- Opening Delimiter -

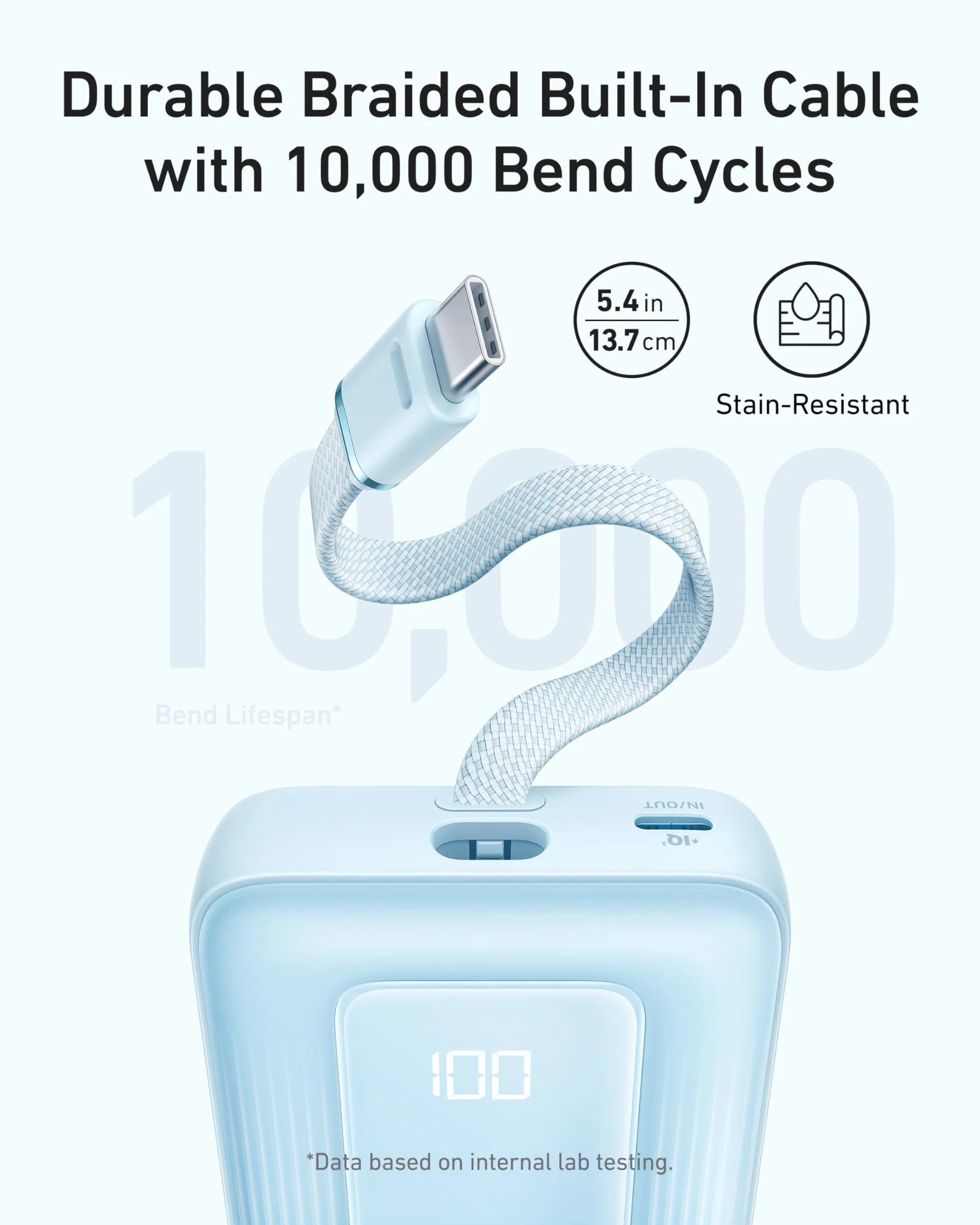 Powerbank Anker Zolo, 10 000 mAh 30 W, szybka przenośna ładowarka z wbudowanym kablem USB-C, akumulator do szybkiego ładowania dla serii iPhone 16, Galaxy, iPad i innych (różowy)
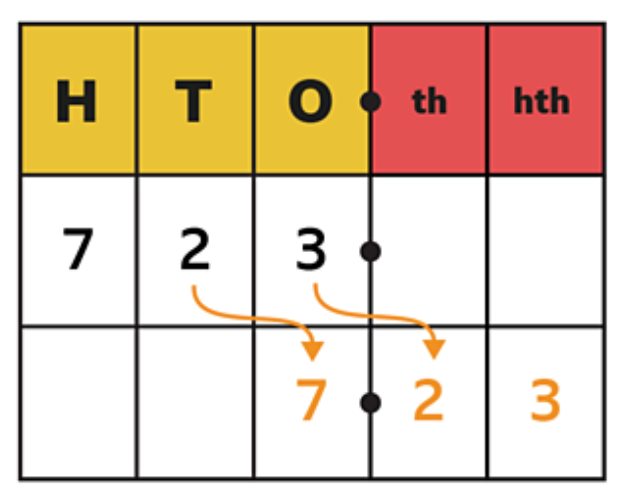 NStevenson's tweet photo. Place Value - Multiplying and Dividing by 10, 100 and 100. Please watch our videos and leave a comment https://t.co/9flsdSCwF1 #MathsChatNZ #mathscpdchat #ITeachMath #digitaledchat #edchatNZ #welovemath #WellyEd https://t.co/hghdFQc0bj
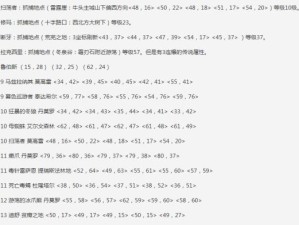 怀旧服玩家技能加点攻略（玩家技能加点的关键要素与优化策略）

- Closing Delimiter -

The expected answer is an unaltered copy of the listing, images removed.

Task answer
 Powerbank Anker Zolo, 10 000 mAh 30 W, szybka przenośna ładowarka z wbudowanym kablem USB-C, akumulator do szybkiego ładowania dla serii iPhone 16, Galaxy, iPad i innych (różowy)
 NStevenson's tweet photo. Place Value - Multiplying and Dividing by 10, 100 and 100. Please watch our videos and leave a comment https://t.co/9flsdSCwF1 #MathsChatNZ #mathscpdchat #ITeachMath #digitaledchat #edchatNZ #welovemath #WellyEd https://t.co/hghdFQc0bj
 怀旧服玩家技能加点攻略（玩家技能加点的关键要素与优化策略）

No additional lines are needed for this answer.